12-year-old Trisha already has her eyes set on being the world’s best cricketer. “I started playing when I was 4-years-old. Mithali didi and the entire team have been a huge inspiration to me. I have played in the under-16, under-19, south zone under-19 and the under-23 team. One day I will represent India,” said the all-rounder.
Trisha (C) with coach Jyothiprasad (L) and coach RSR Murthy
Talking to CNN-News18 on the changing order, Mithali’s father Dorai Raj said, “We definitely do see a change. The girls in our colony are closely following every cricket match and come to us to talk about the result and Mithali’s performance. If they dedicate themselves and practice hard enough, the girls can play for India.”

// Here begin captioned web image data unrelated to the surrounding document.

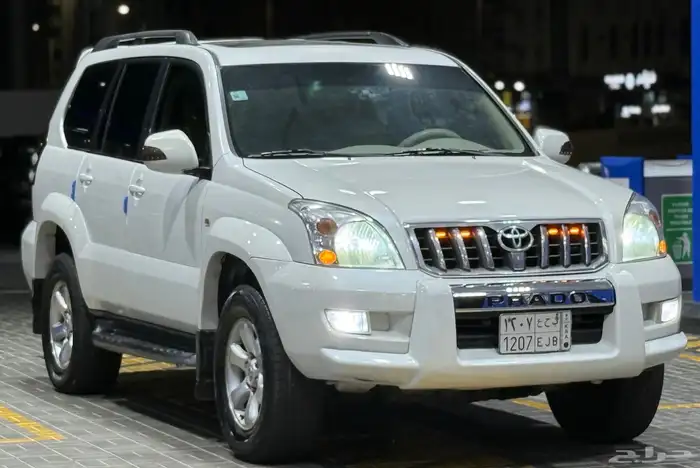 Toyota Prado 2004 VX FULL 1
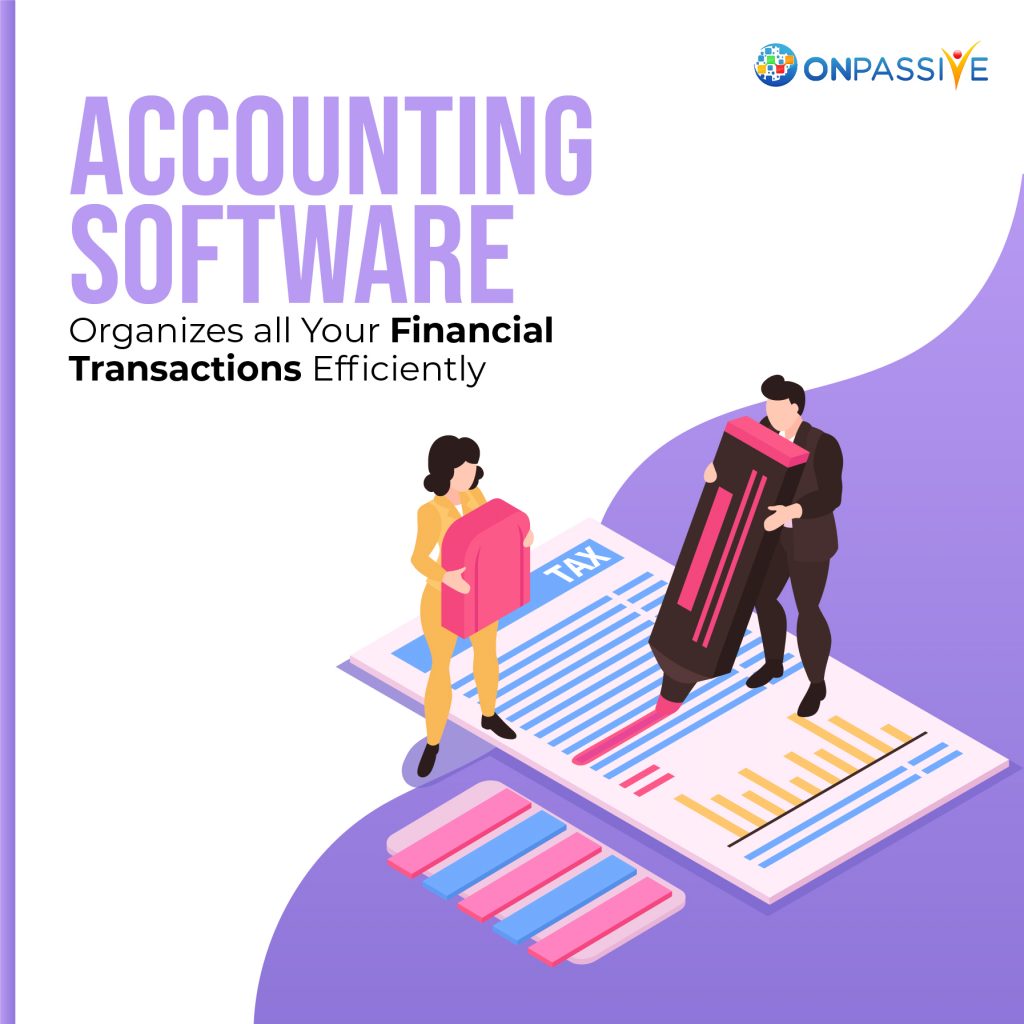 How Finance and Accounting Software increase the productivity of a Small Business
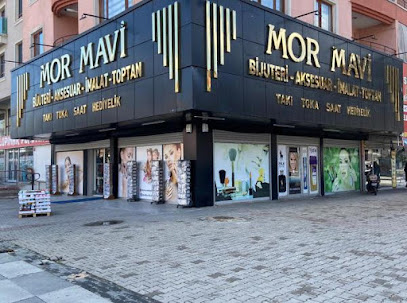Mor Mavi Aksesuar Bijuteri kapak görseli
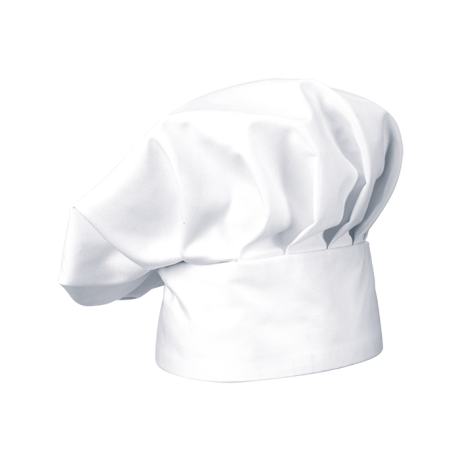 Chef Mushroom Hat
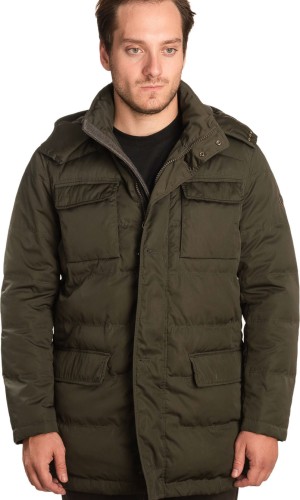 Ανδρικό επώνυμο μπουφάν - E753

Recently, as part of a campaign against gender discrimination in India, Sania Mirza's father Imran Mirza said he was proud to be known as Sania's dad.
"My daughters chose their own careers. Completely their own decision. In 1991, a 5-year-old Sania used to accompany me to the tennis court. Her cousins bullied her and told her that it was a game for boys. Over the years many people came to me to tell me that Sania should not be playing a sport but we did not share their view,” said the proud father.
As sports takes over the city of pearls, its young women are the ones leading the charge.